Holocaust Garden of Hope Launches Grand Opening in Kingwood
The Holocaust Remembrance Association (HRA18) celebrated a successful Grand Opening of Phase One of the Holocaust Garden of Hope, a unique children’s memorial garden at King’s Harbor in Kingwood, Texas on November 5, 2023. Over 600 people joined the launch of this touchstone for the community.
The Holocaust Remembrance Association, is a 501(c)(3) educational organization based in Kingwood, Texas, formed by Jewish descendants of Holocaust survivors and Christian allies in order to sensitize hearts to the issues of the Holocaust and facilitate education, healing, and reconciliation, celebrated the Grand Opening of the Holocaust Garden of Hope.
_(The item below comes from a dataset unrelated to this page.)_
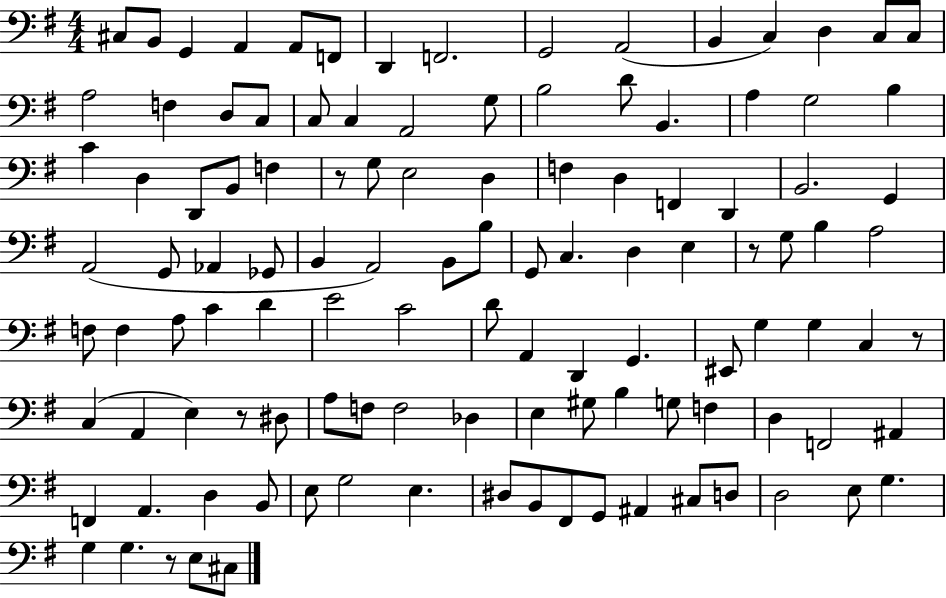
C#3/e B2/e G2/q A2/q A2/e F2/e D2/q F2/h. G2/h A2/h B2/q C3/q D3/q C3/e C3/e A3/h F3/q D3/e C3/e C3/e C3/q A2/h G3/e B3/h D4/e B2/q. A3/q G3/h B3/q C4/q D3/q D2/e B2/e F3/q R/e G3/e E3/h D3/q F3/q D3/q F2/q D2/q B2/h. G2/q A2/h G2/e Ab2/q Gb2/e B2/q A2/h B2/e B3/e G2/e C3/q. D3/q E3/q R/e G3/e B3/q A3/h F3/e F3/q A3/e C4/q D4/q E4/h C4/h D4/e A2/q D2/q G2/q. EIS2/e G3/q G3/q C3/q R/e C3/q A2/q E3/q R/e D#3/e A3/e F3/e F3/h Db3/q E3/q G#3/e B3/q G3/e F3/q D3/q F2/h A#2/q F2/q A2/q. D3/q B2/e E3/e G3/h E3/q. D#3/e B2/e F#2/e G2/e A#2/q C#3/e D3/e D3/h E3/e G3/q. G3/q G3/q. R/e E3/e C#3/e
“The Garden is going to go beyond this location. We recently received a $46,000 Texas Historical Society grant recommended by Texas Holocaust Antisemitism and Genocide Advisory Council to make the Garden Virtual Access for worldwide viewership,” said Rozalie Jerome, Founder of the Holocaust Garden of Hope. “Also, the Holocaust Remembrance Association is collaborating with Texas A&M. Dr. Cheryl J. Craig, along with her team are creating an introduction to teaching the Holocaust course for middle school and high school teachers internationally….using Holocaust Garden of Hope as their template.”
Rozalie also tied the past to the present in a very personal way. “Landscape architect Lauren Griffith designed the Garden as well as Discovery Green and other well known locations. It happened to be that her mother-in-law was a Hungarian Holocaust survivor who survived Auschwitz by being a gardener for a Nazi officer. How apropos that Lauren got to play a major role in the creation of the Holocaust Garden of Hope in Kingwood, a super suburb of one of the largest cities in America.”
Rozalie Jerome is also President & Executive Director of the Holocaust Remembrance Association, as well as the National Director, March of Remembrance Texas, which has mobilized K-12 schools, universities and thousands of people throughout Texas since 2012.
H.E. Pjer Šimunović, Ambassador Extraordinary & Plenipotentiary, Embassy of the Republic of Croatia to the U.S., served as honorary chair of the event as well as delivered the keynote address.
“My sincerest congratulation to y’all who have invested an amazing effort, and achieved a great success in launching such a noble initiative, the most noble of them all, aiming to remember, to commemorate the victims of the Holocaust, educate, provide guidance, and gather good people together,” said Ambassador Šimunović. “The opening of the Garden of Hope has been a profoundly moving, memorable event. Mazal Tov.”
“At the Holocaust Garden of Hope, we will use painting, sculpture, music, physical structures, and creative educational tools to illustrate the experiences of children during the Holocaust,” said Holocaust Remembrance Association Founder, Rozalie Jerome. “Children and adults will be inspired to stand up for what is right and honor the memories of innocent victims with a life dedicated to healing and reconciliation.”
The Upstander Stone Project memorializes the names of approximately 1.5 million Jewish children who were murdered during the Holocaust, and gives people today a tangible way to remember them. This project seeks to paint a memorial stone for each of those children.
These stones are being painted by individuals, families and volunteers from corporations, schools, clubs, nursing homes, and other groups throughout Texas and beyond for the Holocaust Garden of Hope. Stones are a traditional way for Jews to honor and acknowledge the true eternity of a person’s existence. They are a common item left at Jewish memorials worldwide.
Anyone can contact the Holocaust Remembrance Association to request one or more kits of 20 stones, with paint, markers and names of 20 children who perished in the Holocaust who will be memorialized in this unique way. Visitors to the Holocaust Garden of Hope can view the stones and begin to understand the astoundingly great number of innocent lives lost.